Some folks argue though that you should just have rules you follow no matter what to combat overeating - e.g. only eat 3 meals a day, no snacking, no sugar or you can only have one dessert a week, etc. Kessler is into that aproach.

Michelle Butler on May 17, 2010 at 8:26 PM said...

Anne,

That had to be a powerful and hopefully helpful realization. Has it helped you come up with ways to guard against it or stop it?

Alas, I can overeat with folks and when alone. The latter can be caused more by loneliness than anything else, but I can't say I only overeat in certain situations.

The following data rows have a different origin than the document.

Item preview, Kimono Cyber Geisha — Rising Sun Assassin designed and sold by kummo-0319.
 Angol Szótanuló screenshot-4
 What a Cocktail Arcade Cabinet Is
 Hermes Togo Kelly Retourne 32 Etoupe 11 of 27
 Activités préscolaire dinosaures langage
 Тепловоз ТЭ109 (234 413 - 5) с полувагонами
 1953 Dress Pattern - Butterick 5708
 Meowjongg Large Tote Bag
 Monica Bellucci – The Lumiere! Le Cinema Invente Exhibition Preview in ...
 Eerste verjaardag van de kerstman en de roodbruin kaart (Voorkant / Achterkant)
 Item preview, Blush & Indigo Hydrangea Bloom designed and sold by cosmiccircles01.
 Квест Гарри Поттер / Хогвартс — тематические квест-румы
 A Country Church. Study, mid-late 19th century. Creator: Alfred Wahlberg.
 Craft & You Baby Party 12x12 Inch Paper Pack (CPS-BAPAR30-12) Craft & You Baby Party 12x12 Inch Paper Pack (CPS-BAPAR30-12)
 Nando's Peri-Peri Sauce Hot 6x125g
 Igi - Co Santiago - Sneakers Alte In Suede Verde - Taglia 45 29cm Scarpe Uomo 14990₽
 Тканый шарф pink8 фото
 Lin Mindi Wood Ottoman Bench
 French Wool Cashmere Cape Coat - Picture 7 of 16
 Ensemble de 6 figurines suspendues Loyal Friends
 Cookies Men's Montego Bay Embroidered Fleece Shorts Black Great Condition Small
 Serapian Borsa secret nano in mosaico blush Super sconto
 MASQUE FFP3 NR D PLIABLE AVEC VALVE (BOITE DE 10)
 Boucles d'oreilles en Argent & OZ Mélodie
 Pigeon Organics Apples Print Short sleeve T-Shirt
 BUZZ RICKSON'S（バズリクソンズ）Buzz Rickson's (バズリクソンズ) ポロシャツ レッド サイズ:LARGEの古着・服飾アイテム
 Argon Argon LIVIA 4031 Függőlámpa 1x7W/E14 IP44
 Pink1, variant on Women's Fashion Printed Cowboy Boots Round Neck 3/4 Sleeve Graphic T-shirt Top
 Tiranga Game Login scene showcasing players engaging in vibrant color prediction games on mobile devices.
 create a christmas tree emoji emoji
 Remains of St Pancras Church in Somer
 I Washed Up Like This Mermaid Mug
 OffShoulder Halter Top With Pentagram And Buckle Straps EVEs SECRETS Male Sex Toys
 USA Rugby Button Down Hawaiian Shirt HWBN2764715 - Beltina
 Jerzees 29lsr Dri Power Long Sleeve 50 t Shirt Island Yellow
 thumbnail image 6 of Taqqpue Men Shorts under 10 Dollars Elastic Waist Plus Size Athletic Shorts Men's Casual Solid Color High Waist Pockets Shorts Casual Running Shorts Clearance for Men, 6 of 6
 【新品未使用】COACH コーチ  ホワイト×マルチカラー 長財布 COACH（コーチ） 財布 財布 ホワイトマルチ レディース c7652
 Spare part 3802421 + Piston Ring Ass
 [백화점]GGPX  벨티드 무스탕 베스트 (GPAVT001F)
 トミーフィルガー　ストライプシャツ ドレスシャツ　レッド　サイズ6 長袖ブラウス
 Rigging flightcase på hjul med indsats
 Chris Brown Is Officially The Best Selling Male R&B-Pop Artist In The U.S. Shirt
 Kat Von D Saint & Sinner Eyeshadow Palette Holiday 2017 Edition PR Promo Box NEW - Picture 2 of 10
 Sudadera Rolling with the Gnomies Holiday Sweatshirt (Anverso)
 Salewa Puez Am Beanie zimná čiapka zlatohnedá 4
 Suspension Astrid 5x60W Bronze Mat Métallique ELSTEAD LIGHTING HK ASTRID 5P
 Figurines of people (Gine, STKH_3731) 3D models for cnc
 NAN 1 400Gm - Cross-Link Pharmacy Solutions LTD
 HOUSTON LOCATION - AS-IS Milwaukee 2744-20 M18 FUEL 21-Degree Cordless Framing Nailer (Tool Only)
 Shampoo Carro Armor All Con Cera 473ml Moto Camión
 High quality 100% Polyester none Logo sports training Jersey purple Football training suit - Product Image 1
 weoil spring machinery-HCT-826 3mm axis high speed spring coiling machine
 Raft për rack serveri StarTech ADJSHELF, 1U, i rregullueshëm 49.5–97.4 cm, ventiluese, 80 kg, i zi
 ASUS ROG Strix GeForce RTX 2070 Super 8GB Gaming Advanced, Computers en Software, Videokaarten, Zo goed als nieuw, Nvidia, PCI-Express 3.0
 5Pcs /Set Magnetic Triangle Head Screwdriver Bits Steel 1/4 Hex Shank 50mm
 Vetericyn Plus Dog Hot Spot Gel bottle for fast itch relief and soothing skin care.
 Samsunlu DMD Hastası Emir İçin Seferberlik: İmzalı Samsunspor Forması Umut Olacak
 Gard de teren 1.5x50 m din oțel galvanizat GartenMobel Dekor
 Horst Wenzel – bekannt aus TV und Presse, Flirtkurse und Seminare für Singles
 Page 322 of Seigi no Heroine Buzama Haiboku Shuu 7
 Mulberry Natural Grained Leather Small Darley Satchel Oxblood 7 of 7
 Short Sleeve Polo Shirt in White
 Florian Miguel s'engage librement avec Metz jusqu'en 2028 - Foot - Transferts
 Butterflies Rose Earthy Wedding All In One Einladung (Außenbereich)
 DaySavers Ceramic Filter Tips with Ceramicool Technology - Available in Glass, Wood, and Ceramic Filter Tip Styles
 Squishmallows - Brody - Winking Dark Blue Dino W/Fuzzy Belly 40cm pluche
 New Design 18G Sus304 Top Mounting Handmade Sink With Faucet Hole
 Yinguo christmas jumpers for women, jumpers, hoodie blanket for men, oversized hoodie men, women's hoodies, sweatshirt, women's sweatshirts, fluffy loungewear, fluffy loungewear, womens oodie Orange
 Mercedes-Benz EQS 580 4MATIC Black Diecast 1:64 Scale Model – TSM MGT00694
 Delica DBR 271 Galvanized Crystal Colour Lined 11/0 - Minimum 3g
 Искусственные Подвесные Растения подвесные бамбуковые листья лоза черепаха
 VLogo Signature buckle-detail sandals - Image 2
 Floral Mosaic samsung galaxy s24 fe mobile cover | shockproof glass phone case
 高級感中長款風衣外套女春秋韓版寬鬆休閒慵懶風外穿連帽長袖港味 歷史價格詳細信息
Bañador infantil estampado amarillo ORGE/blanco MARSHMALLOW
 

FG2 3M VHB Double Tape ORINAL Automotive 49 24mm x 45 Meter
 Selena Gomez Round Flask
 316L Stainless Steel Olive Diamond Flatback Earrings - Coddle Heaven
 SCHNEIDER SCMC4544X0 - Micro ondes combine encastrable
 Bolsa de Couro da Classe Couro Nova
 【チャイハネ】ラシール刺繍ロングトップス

I should probably admit that I've been doing some overeating in CA. My vacation is not stopping the overeating that started at the work conference. Ah well, I'm a work in progress in overeating. I pretty much knew that these 2 weeks in CA would not be ones when I lost weight. I'm having a good time though. :) I'm looking at the Pacific in San Simeon right now.

Richard Kuhns on May 17, 2010 at 11:06 PM said...

In any weight loss endeavor, it's important to remember that the brain has two primary directives–pleasure seeking and survival. From childhood we have learned to associate food with both. Associated with pleasure are what most call good emotions–happiness, joy, elation and so on. Associated with survival are what most call bad emotions–frustration, boredom, confusion, anger, depression and so on.

Unfortunately most programs to lose weight or deal with binging focus on food and forget the emotional programming.

Focusing on what you do or do not eat to control or lose weight is like trying to fly by flapping your arms. Better to focus on the stress of the emotion whether it be frustration, happiness, upset, anger, joy and learn to take it straight rather than diluting with food.

Yes, 95% of all diets and eating programs fail. Why? For a free report please go to http://www.EmotionalEatingCure.com

Michelle Butler on May 18, 2010 at 12:13 AM said...

Thanks, Richard. Your advice was helpful.